Tuesday, November 17, 2009

Bryant Gardens Gets Beautification Award

The White Plains Beautification Foundation presented the Bryant Gardens Cooperative with its 2009 Neighborhood Beautification Award at its November meeting.

White Plains Beautification Foundation President Mary R. Merenda presented the Award on Monday, November 16, 2009 at a meeting at 12:30 pm in the White Plains Public Library, Room B, 2nd Floor. She said the “lovely gardens this year” at Bryant Gardens enhance the City of White Plains, helping to make it a “city within a garden.”

From left, Louis Bruno, Robert Orlofsky, Robert Compasso and Tony Garrido.

Bryant Gardens Board of Directors President Gaierose Haskel pointed to a long-term commitment to beautification that began over two decades ago when Mr. Orlofsky took over as Property Manager.  Supported by the Board and assisted throughout by Head Gardener Tony Garrido, Mr. Orlofsky has directed the plantings and improvements, garnering earlier awards in 1991 and 1998

According to Ms. Haskel, this latest award is yet another “tribute to the vision and direction” of Mr. Orlofsky.

The White Plains Beautification Foundation is a not-for-profit charitable organization comprised entirely of volunteers.

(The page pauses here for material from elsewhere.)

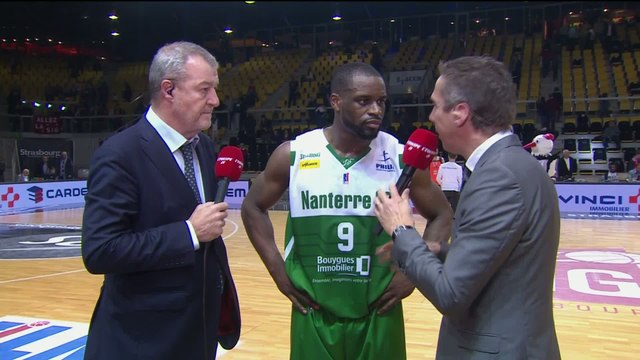 Basket - Pro A - Nanterre : Nzeulie «On va prendre un bon rythme»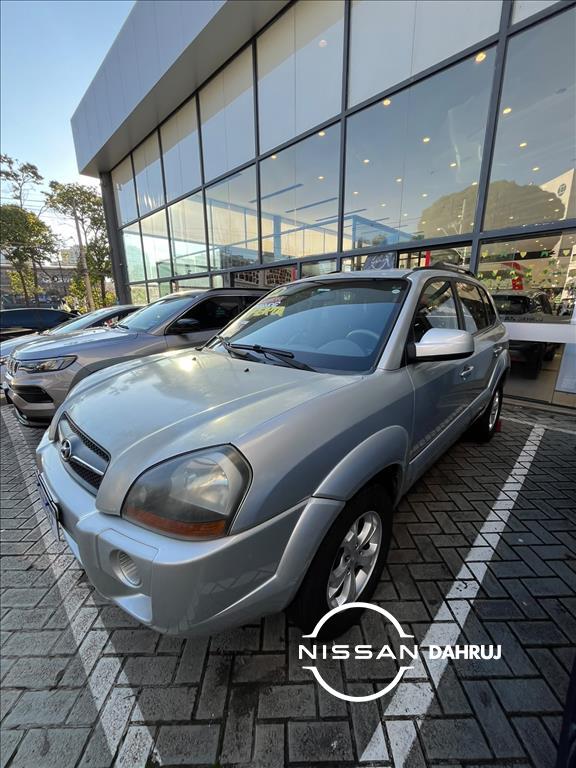 TUCSON 2.0 MPFI GL 16V 142CV 2WD GASOLINA 4P MANUAL0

One of the Foundation's goals is to have people think of White Plains not just as a major business and shopping center, but as "A City in the Park."

The Bryant Gardens Cooperative, located in White Plains, NY off Bryant Avenue, between Mamaroneck Ave and North Street, consists of fifteen two-story Colonial style garden apartment buildings nestled on 22 acres in a park-like setting minutes from downtown White Plains.

For more information:
White Plains Beautification Foundation website; contact President Mary R. Merenda at 914-761-8224 or by email.
Bryant Gardens Cooperative website; contact Louis J. Bruno at 914-574-2269 or by email.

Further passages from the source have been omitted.